Toplumsal kargaşa, silah taşıma belgelerinin artmasına koşut, cinsel saldırılarla sürmekte, önü alınamayan siyasal karşıtlıklar ve çatışmalarla yoğunluğu ve ağırlığı artmaktadır. Hepimizin sorumlu olduğu durumlar giderek “ülke sorunu” düzeyine gelmektedir. Siyasal sorumluların sessiz ve ilgisiz kaldıkları yaşam koşulları, her gün yeni yaralarla kanamayı sürdürmektedir. Siyasal açılımlara koşut insanlık anlayış ve değerlerindeki durum, bir tür çöküşü anımsatmakta, eğitim kümesine dönüştürülen kimi öğretim yerlerindeki dinsel açılımlarla çocuklarımız yaşam gerçeklerinin dışına sürüklenmektedir. Her yeri ele geçiren siyasal iktidar sahipleri, tepkisiz toplumla yeni açılımlar peşindedir. İstanbul seçimini bahane edinerek yaptıkları konuşmalar, kurdukları ilişkiler tehlike çanlarının yeniden çaldığının kanıtıdır.

Güvenilecek organ ve birimin nerdeyse hiç kalmadığı bir ortamda “gidişin nereye olduğu” tartışması, kuşkularla kapsamını genişletmekte, özellikle “yargıya güvensizlik” geniş ve büyük bir alanda dillendirilmektedir. Toplum için en üzücü durumlardan biri budur.

İktidar kaynaklı siyasetin dili de kirlenmekte, çirkinleşmekte sınır ve ölçü tanımamaktadır. Ayırma-kayırma artmış, “har vurup harman savunma” hız kazanmış, hesapsız-kitapsız giderler belirlenemez olmuş, saklı-gizli yapılanlar kuşkusu büyümüştür.
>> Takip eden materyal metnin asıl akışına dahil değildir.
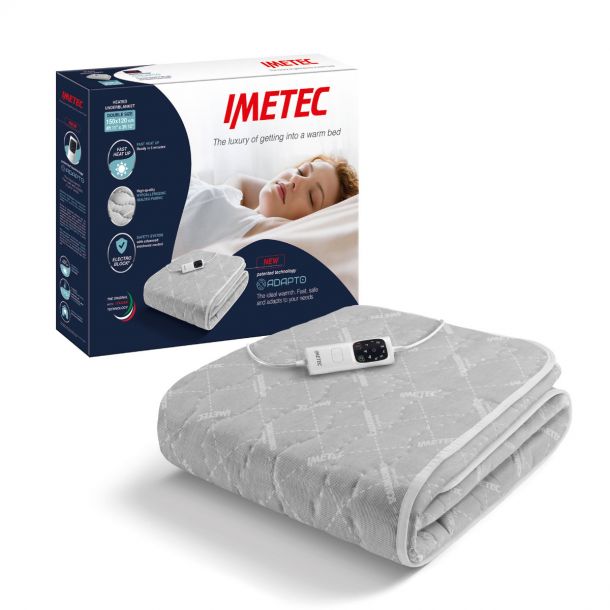 [16752] Imetec Adapto Single Electric Under Blanket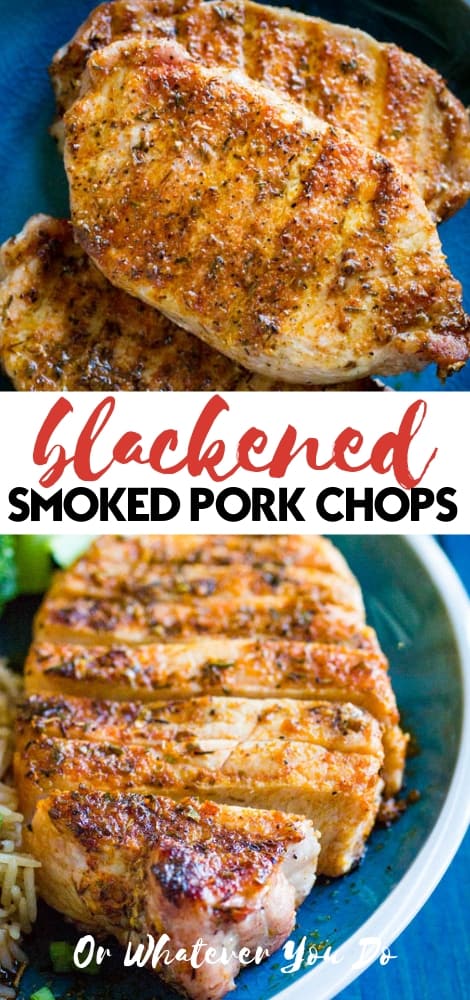 Traeger Blackened Pork Chops | Easy Traeger wood-pellet grill recipe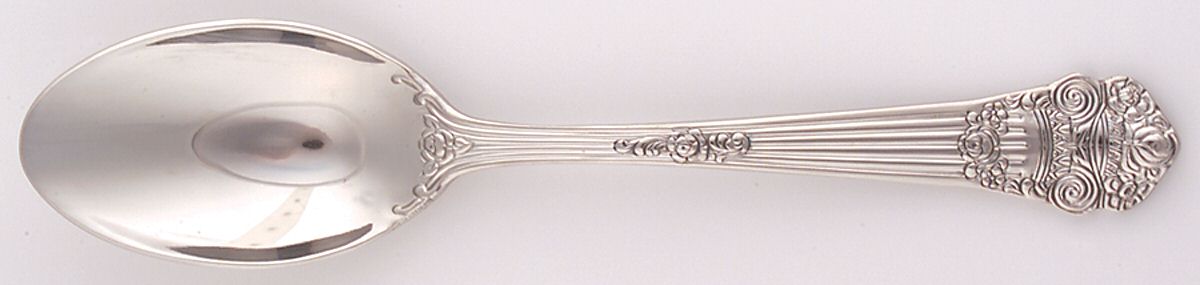Georgian (Stainless) Place/Oval Soup Spoon by Towle Silver-1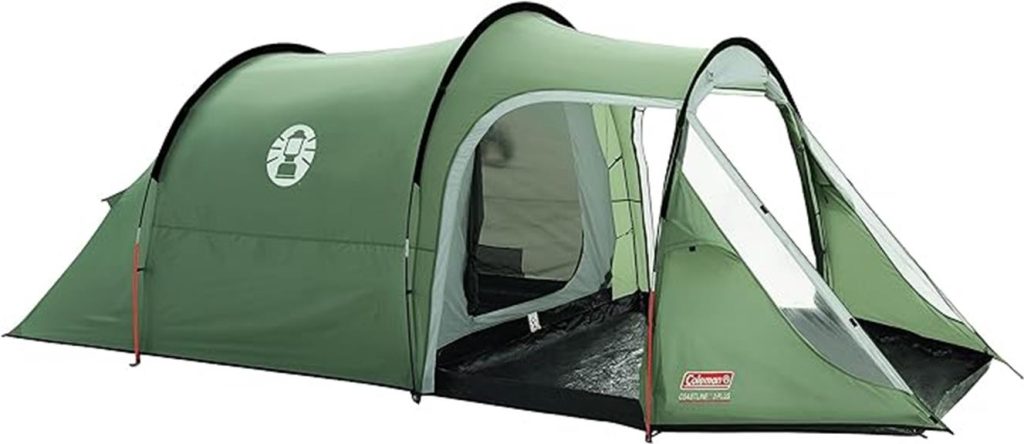 spacious and durable tent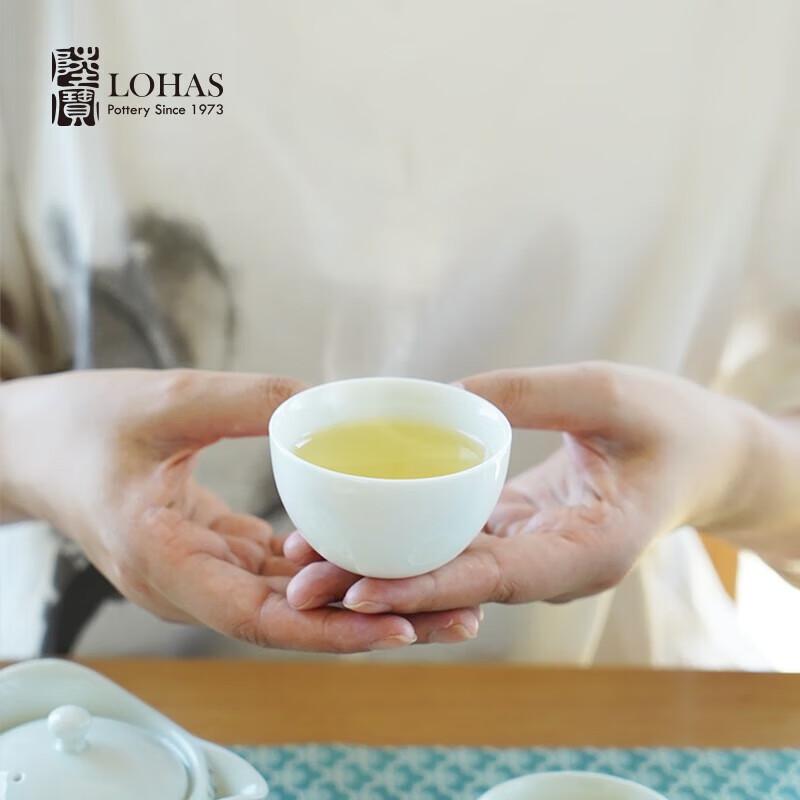 Lu Bao Ling Bo Chinese Ceramic Tea Set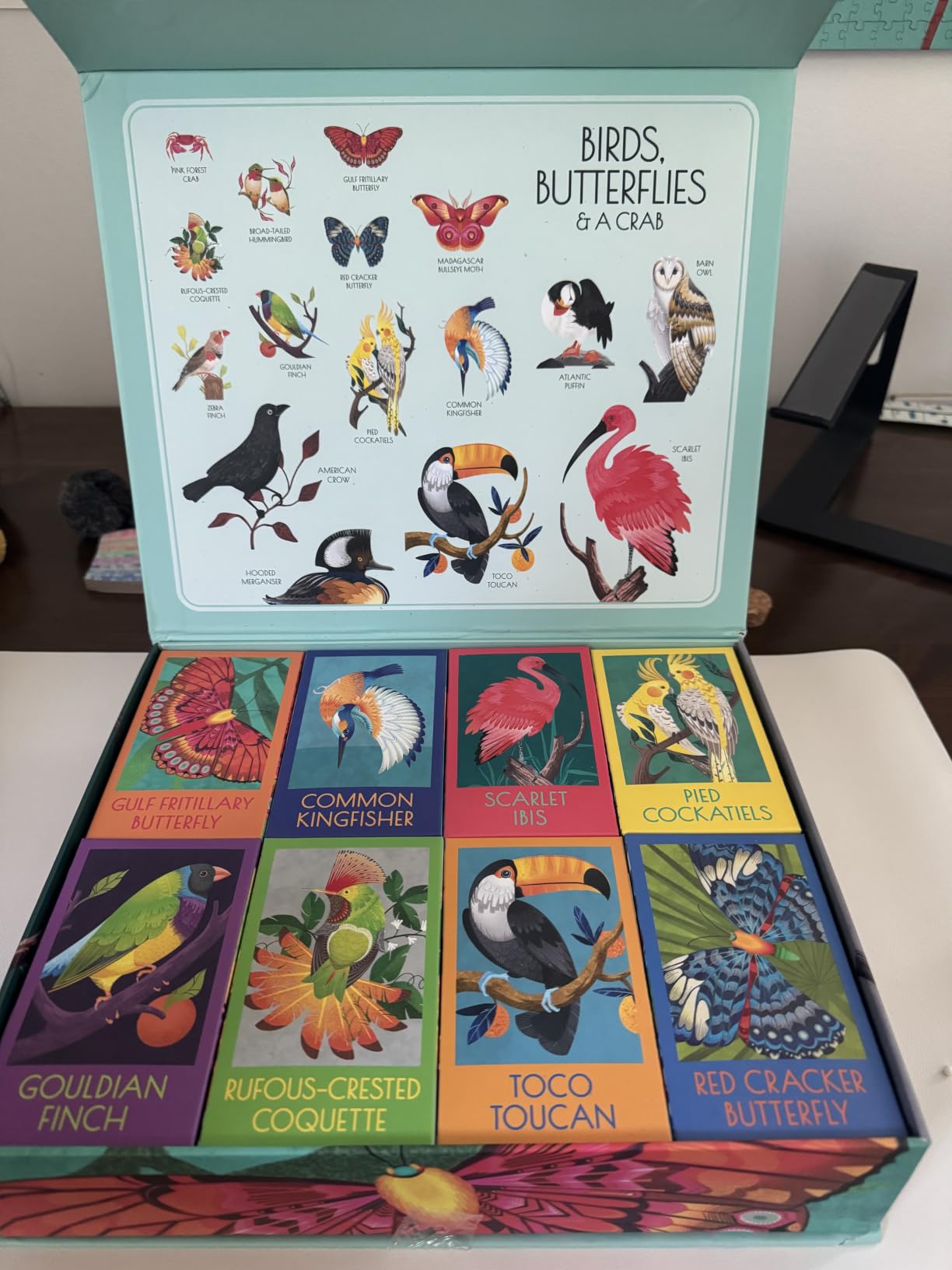 RoseArt - National Parks Jigsaw Puzzle Box Set - 16 Mini Puzzles, 100 Pieces Each - Colorful Puzzle Gift Set for Adults customer photo 2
Siyasal soyguncular, kapkaççılar ve şaklabanlar oyunlarını her alanda sergilemektedir. Kimi siyasetçilerde izlenen kişilik iflası, siyasal depoya dönüşen devlet kurumlarındaki bozulmanın nedenidir.

Adaletin dayanağı, hatta kaynağı olan hukuk, ulusal ve bilimsel güvencedir. Onun ışığında yaşamak ve yaşatmak, insanlığın yadsınmaz gerçeğidir. GERİSİ BOŞTUR.